Openbaar Leven van Jezus
Hoofdstuk XVI –
Reis naar Judea heen en terug
(van 28 maart tot 9 april 1823)
(vervolg).
Jezus te Rama en te Taänat-Siloh.
1184.
Jezus ging met de leerlingen 3 uren noordwaarts. In het
voorbijgaan liet Hij Betsoer (Betsoer 1), waar Hij, nog niet lang
geleden, was en onderwees, een half uur links liggen (2 uren ten
noordwesten van Jeruzalem en een flink uur ten westen van Jezus’
weg). Ook is Hij (op een afstand) voorbij Anatot gedaan
(4 km ten oosten van zijn weg en ten noordoosten van Jeruzalem).
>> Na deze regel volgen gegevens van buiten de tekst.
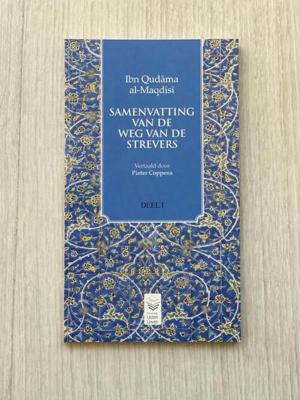 Samenvatting van de weg van de strevers (Paperback)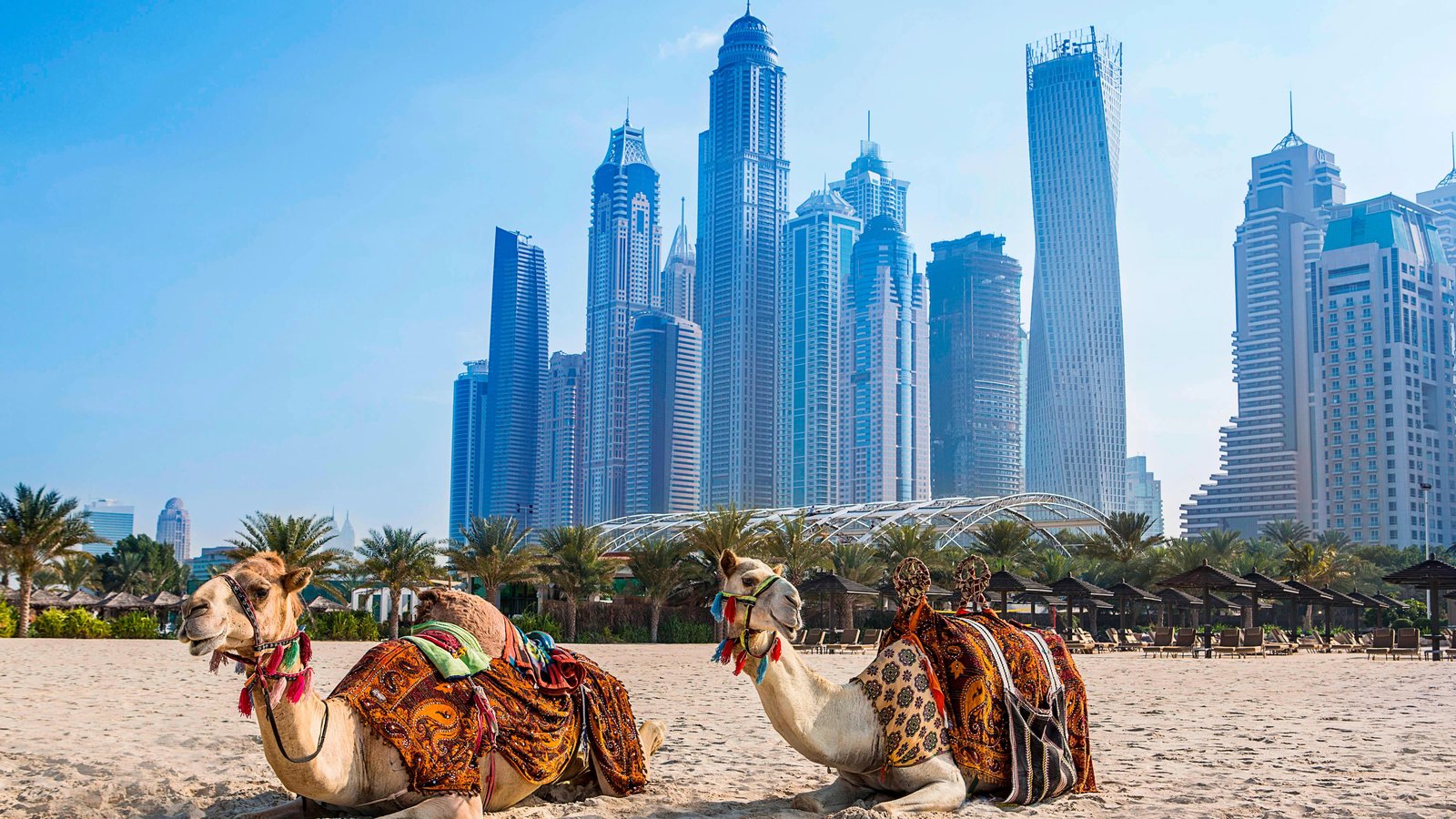 Habtoor Grand Resort, Autograph Collection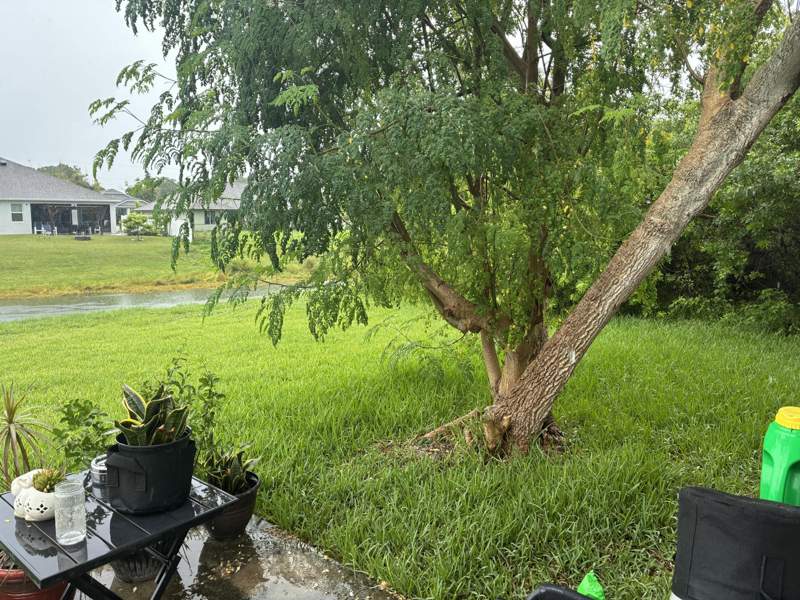 3 bedroom Single Family Residence at 1282 SW Dalton Avenue, Port St Lucie Section 23, Port St. Lucie — photo 5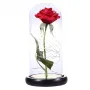 Троянда в колбі з LED підсвічуванням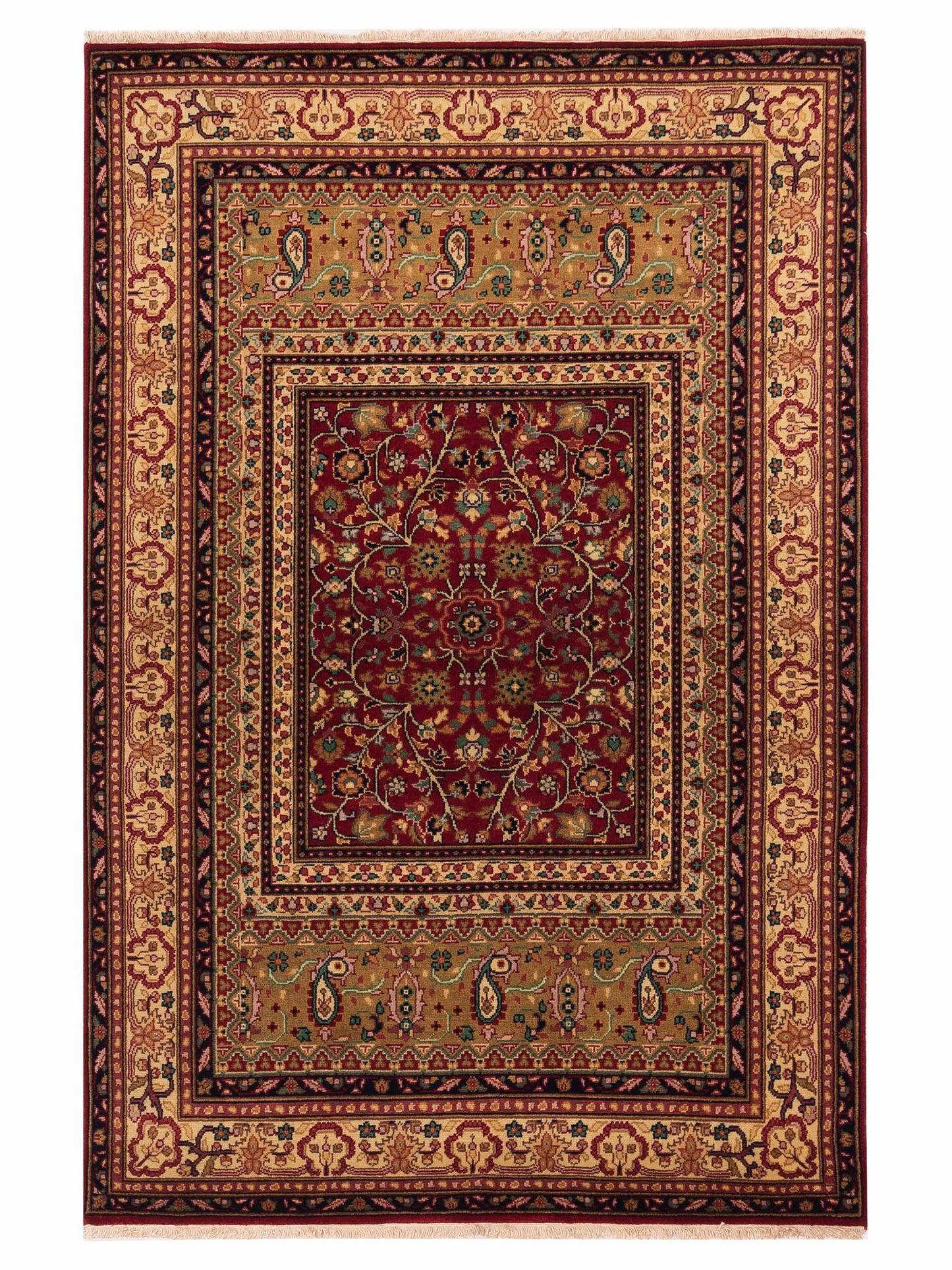 Rajpur Sivas Red Ivory Traditional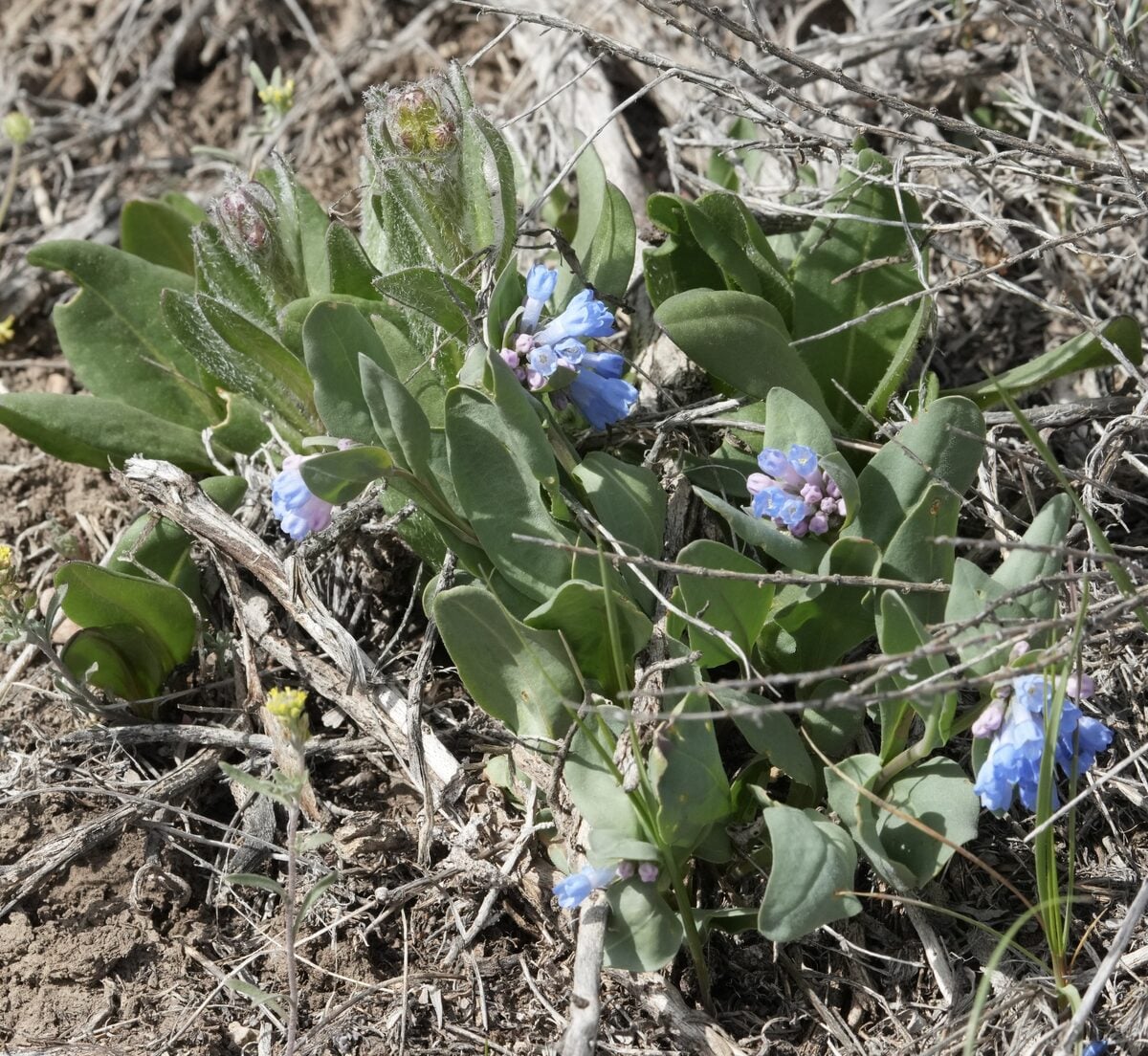 Mertensia oblongifolia - (Nutt.)G.Don.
Een uur verder herbergde en overnachtte Hij te Rama (stad die
nog er-Ram heet, 8 km ten noorden van Jeruzalem).
Mikmas, waar Maria haar twaalfjarige Jezus miste, ligt nog
verder, rechts (nl. een uur ten noordoosten van er-Ram).
3 april = 16 Nisan. –
Jezus ging heden van Rama naar Taänat-Siloh, de landbouwstad
bij Sikar. Al vroeger had men Hem hier goed ontvangen, maar
heden ontving men Hem nog guller, zoals nu in het algemeen
overal waar Hij komt, daar alle Farizeeën en ook alle volwassen
gezonde mannen en jongelingen te Jeruzalem voor het feest zijn.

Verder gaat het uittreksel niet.